At an Aug. 15 Brainerd, Minn., meeting of Minnesota Corn, a growers group whose members supply feed to Minnesota’s substantial dairy industry, Peterson praised National Milk CEO Jerry Kozak because he “stuck his neck out a mile” by developing the “Foundation for the Future” proposal that would eliminate some current dairy programs and establish new ones.

The new dairy program amounts to “government-mandated hedging,” he said, noting that the hedging program could be developed by private crop insurance companies but that the bill does not call for that because “dairy farmers are not ready to sign up with the insurance companies.”

Peterson’s reference to decreasing dairy support reflects Congressional Budget Office estimates on dairy spending.

In fiscal year 2009, when Congress and the Agriculture Department provided special aid to dairy farmers, dairy spending was $994 million, but in its March 2010 baseline, CBO said that actual net spending for fiscal year 2010 was $355 million and that its projected 10-year spending for fiscal years 2012 to 2021 is $672 million, with annual spending ranging from $176 million in fiscal year 2012 to $48 million in fiscal year 2021.

Market stabilization approaches

National Milk’s “Foundation for the Future” proposal and Peterson’s draft contain a dairy market stabilization program that National Milk says “is intended to send quick market signals to dairy producers when milk prices drop, feed prices escalate, or the combination of those factors compresses the margins between milk and feed prices to the point where a severe imbalance has developed.”
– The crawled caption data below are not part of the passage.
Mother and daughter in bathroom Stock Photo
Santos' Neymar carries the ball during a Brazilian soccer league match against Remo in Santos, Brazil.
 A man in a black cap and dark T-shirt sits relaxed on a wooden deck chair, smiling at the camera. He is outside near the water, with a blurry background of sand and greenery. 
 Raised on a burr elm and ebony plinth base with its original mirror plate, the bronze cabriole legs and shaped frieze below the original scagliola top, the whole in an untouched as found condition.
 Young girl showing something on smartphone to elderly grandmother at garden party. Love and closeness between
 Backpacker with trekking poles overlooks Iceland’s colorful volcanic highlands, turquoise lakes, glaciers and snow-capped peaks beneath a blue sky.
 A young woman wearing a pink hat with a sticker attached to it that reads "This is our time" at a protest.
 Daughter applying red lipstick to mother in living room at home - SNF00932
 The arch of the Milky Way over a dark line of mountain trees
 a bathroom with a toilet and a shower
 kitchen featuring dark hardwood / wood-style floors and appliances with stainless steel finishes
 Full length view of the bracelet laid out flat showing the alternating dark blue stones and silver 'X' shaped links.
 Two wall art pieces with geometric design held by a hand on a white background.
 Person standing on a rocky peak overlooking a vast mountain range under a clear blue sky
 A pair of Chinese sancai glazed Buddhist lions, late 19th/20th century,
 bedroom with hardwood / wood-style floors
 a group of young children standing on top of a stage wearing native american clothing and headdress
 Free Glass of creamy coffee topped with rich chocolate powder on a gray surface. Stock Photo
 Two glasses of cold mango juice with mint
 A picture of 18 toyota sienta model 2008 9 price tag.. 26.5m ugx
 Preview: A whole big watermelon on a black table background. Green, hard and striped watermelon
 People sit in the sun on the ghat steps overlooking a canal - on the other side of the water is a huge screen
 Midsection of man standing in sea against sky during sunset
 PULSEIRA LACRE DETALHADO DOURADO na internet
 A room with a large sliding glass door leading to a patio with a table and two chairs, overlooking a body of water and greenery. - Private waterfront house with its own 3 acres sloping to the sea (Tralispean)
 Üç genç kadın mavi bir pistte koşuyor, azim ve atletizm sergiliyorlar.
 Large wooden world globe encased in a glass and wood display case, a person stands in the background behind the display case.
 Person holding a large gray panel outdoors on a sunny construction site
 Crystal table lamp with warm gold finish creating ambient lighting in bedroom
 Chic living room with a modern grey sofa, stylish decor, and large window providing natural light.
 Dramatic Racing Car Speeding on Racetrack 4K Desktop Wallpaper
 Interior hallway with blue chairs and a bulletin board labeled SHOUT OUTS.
This supply management provision is the most popular element in the proposal with some dairy groups and the most disliked by others, particularly IDFA.

An IDFA official told Agweek that the provision’s intention to limit the milk supply and keep prices up will push the cost of the dairy program onto the processors in the same way that the sugar program, which gives producers the right to forfeit sugar to the government if prices falls below a certain level, forces sweetener users to pay higher prices.

While IDFA opposes this approach, Rep. Peter Welch, D-Vt., recently told the American Sugar Alliance when it met in Vermont, “One of the great things about your program is that it does not cost taxpayers money.” Welch added, “I think your supply management principles have been very helpful to you. I would like to see that integrated into dairy.”

The dairy market stabilization program has become the subject of rumor and speculation. National Milk recently issued a news release to announce that the market management program would not have been activated in 2010 or 2011. NMPF said it made the announcement “to clarify misconceptions that farm-level margins would have been tight enough in the past 18 months to activate the stabilization program.”

Making calculations

NMPF also explained in the news release that the underlying basis for the program is different in Peterson’s bill than in the NMPF proposal. As originally drafted by NMPF, the Dairy Market Stabilization Program’s calculation of margins used futures settlement prices found on the Chicago Mercantile Exchange for corn, soybeans and alfalfa hay, the group said.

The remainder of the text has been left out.